Among evergreens, a baseball legacy

A writer couldn’t avoid his family’s plot on a search for a legend’s grave.

I’d searched all over the cemetery on the outskirts of the city, looking for a tree I could only somewhat remember.

During visits with my family, I would lay a pinecone on poppop’s—and later grandmom’s—grave in Holy Sepulchre Cemetery, on the outskirts of the city. But a half hour proved fruitless, and I realized I hadn’t been to Robert Brandt’s grave in years, and wasn’t sure the cone-bearing tree I was looking for was even growing anymore.

Mark, a kind administrator who would later try to sell me an eternity among the evergreens along Cheltenham Avenue, drove me to the plot in Section 42 after pulling the information from an Excel spreadsheet.
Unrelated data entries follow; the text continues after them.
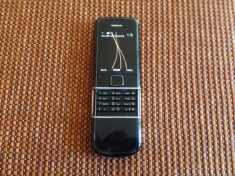 Nokia 8800 Arte black foto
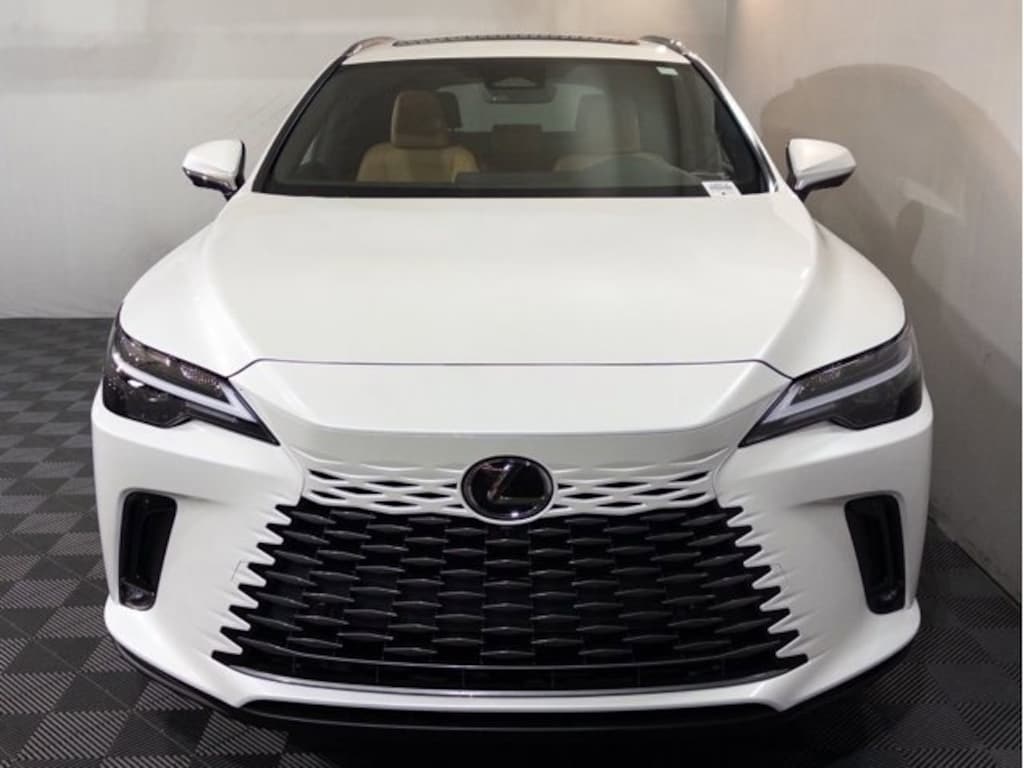 New 2026 Lexus RX PLUG-IN HYBRID ELECTRIC VEHICLE 450h+ PREMIUM AWD RX 450h+ AWD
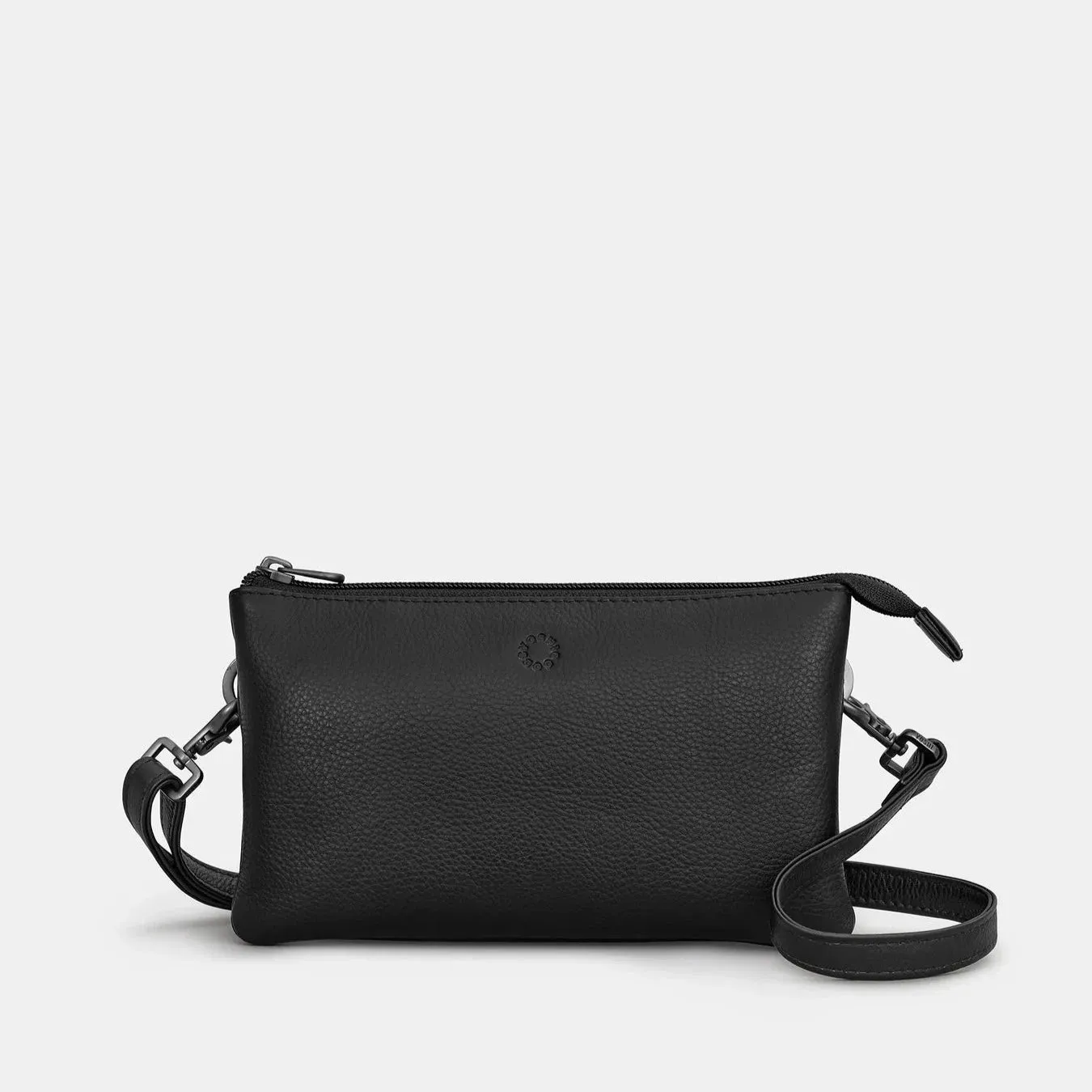 Yoshi Leather Logan Multiway Cross Body Bag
He had no idea my original intent for the trip was to see the gravesite of  Cornelius McGillicuddy, better known as Connie Mack, the renowned manager of the Philadelphia Athletics for 50 seasons and the winningest manager in MLB history.

I wanted to write a piece about Mack’s humble gravesite in the cemetery—to reminisce about of a greater era of journalism that I never knew, when stalwart crime reporter Meyer Berger got away with turning in a poem as his 1941 World Series coverage to the New York Times, and when the newspapers thought the Tall Tactician might as well have been the King of Philadelphia.

Poppop, who took my father to games in Connie Mack Stadium when it still stood at 21st Street and Lehigh Avenue, would surely appreciate a manager who valued recruiting young players over signing aging stars. I know the rest of Philly would. Mack was the city’s original Sam Hinkie. And I’m sure that wherever Poppop is—I’m still working that out—he’d be happy to know he was laid to rest about three sections down from a local legend.

As Mark and I teetered around the uneven grass, and he started to say something about memories and his son in college, I saw the shadow of the pine branch fall on the humble stone severely in need of many, many pinecones for all the years I hadn’t been there. He left and I thought long and hard about baseball and the black-and-white era I’ll never hear about firsthand.

I thought learning about Connie Mack would have brought me closer to my grandfather, who died when I was a toddler. I missed out on his accounts from a storied boxing career and a long tenure as a truck driver. Really, Robert E.J. Brandt would have been the best primary source I could have asked for, but I didn’t even know what journalism was at the time he left us.

I went to the cemetery to admire one legacy and got caught up in my family’s instead—my grandmother died  three years ago, but the tombstone doesn’t reflect that, and now we’re working on getting that corrected.

Mack’s humble grave proved uninspiring when I happened upon it on my way out: a tomb adorned with only a cross and his surname “McGillicuddy,” lacking a first name and a span of years (1862-1956). All my doubts about gravesite tourism were confirmed. It just felt weird and intrusive.

I passed Frank Rizzo without a second thought.